Autonómicos, municipales días. Da gusto pasear por la ciudad: en cualquier momento le atraviesa a uno, entre pierna y pierna y como brotando de la nada, un nuevo carril-bici arrasando árboles y carreteras a su paso. Si árboles desaparecen sospechosamente tras una larguísima vida, brotan por doquier y como setas postes con sospechosos restos de embalaje en sus cimas.
Todo parecía indicar que era una serie de síntomas, ocupado uno como estaba en otros menesteres. Así, cuando han coronado dichos postes con un sinfín de carteles, ahora sí, bilingües, todos los síntomas se agolparon en mí, en plena vuelta al hogar, recordándome de qué enfermedad se trata: es el celo electoral. Échense a temblar: si no, ya lo harán los martillos hidráulicos que perfilan las nuevas aceras, ahora sí, aptas para disminuidos, como las grúas que llenan de “cicatrices” los barrios norteños de la ciudad (con la excusa de un colector parecieran estar haciendo una línea de metro, sinceramente, porque petróleo no sale por ningún lado).

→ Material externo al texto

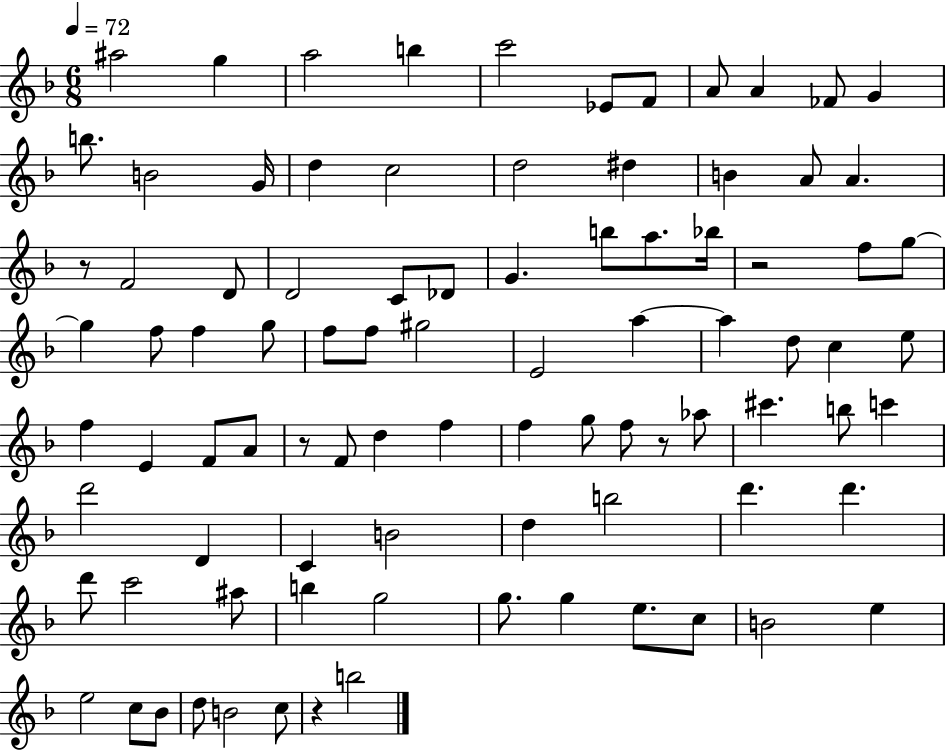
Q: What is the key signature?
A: F major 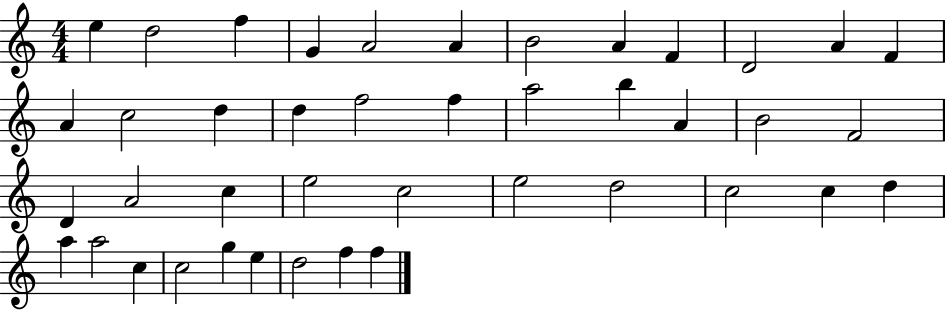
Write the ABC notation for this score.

X:1
T:Untitled
M:4/4
L:1/4
K:C
e d2 f G A2 A B2 A F D2 A F A c2 d d f2 f a2 b A B2 F2 D A2 c e2 c2 e2 d2 c2 c d a a2 c c2 g e d2 f f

Y del Centro, ¿¡qué decir del Centro!?: engalanado todo de peatones mosqueados que sortean montones y montones de euros en forma de nuevas losetas en sus palés y de trincheras de ladrillos y arena. Más engalanada aún la ciudad con filas interminables de conductores al borde de un ataque de ansiedad (digo al borde por ser benévolo) porque no pueden regresar a sus casas: la carretera está de dieta, afinando cintura cargándose un carril. La larga fila de coches pareciera una luminaria navideña. La vida es bella.
La sabiduría popular, a veces, sólo a veces, acierta. Todos llevamos dentro un pequeño Sancho Panza. Lo digo pensando en las últimas elecciones autonómicas: una señora decía, creo recordar que por la bella Extremadura, que ojalá estuvieran en su pueblo siempre de elecciones autonómicas. En cierto sentido tenía razón, al menos cuando en las malditas señales y sus INDICACIONES (que al final es lo que importa tanto a foráneos como a los que aquí habitamos) pienso y veo…aunque ya me acostumbré a guiarme por los astros, como los presocráticos (cualquier día me mato al volante).
Mientras, en los cartelones del dirigente tal, alguien se ha pasado con el photoshop (o como demonios se diga) y de la cara cerúlea sobresale una sonrisilla siniestra a la que sólo le falta un par de colmillos goteando algo parecido a sangre.
Al dirigente cual, no hay quien le arregle y lo presente como alguien con una jeta que no sea enfurruñada y a la defensiva. Son como niños.
Aún recuerdo, hace unos trece o catorce años, la grata lectura del libro escrito en forma de diario al estilo Ana Frank por una niña bosnia, Zlata Filipović y cómo justo antes de la guerra lo típico era llamar a los políticos “esos niños locos”. Buena liaron los nenes.
Pero aquí no hay guerra, afortunadamente, salvo para prometer más y mejor e intentar con su demagogia demostrarnos que únicamente ellos son los que más se han preocupado por nuestras insulsas y aburridas vidas: ya están aquí, ocupando nuestros buzones; asaltándonos con encuestas; atragantándonos en mitad de la comida con un nuevo anuncio; no digamos ya con el repetitivo anuncio en las ondas hercianas: ¡si hasta le mandan a quien escucha uno de dichos “spots” un virtualísimo beso!
Échense a temblar o agárrense a las grúas, el terremoto tiene nombre. ¡Siéntanse queridos!: es el celo electoral.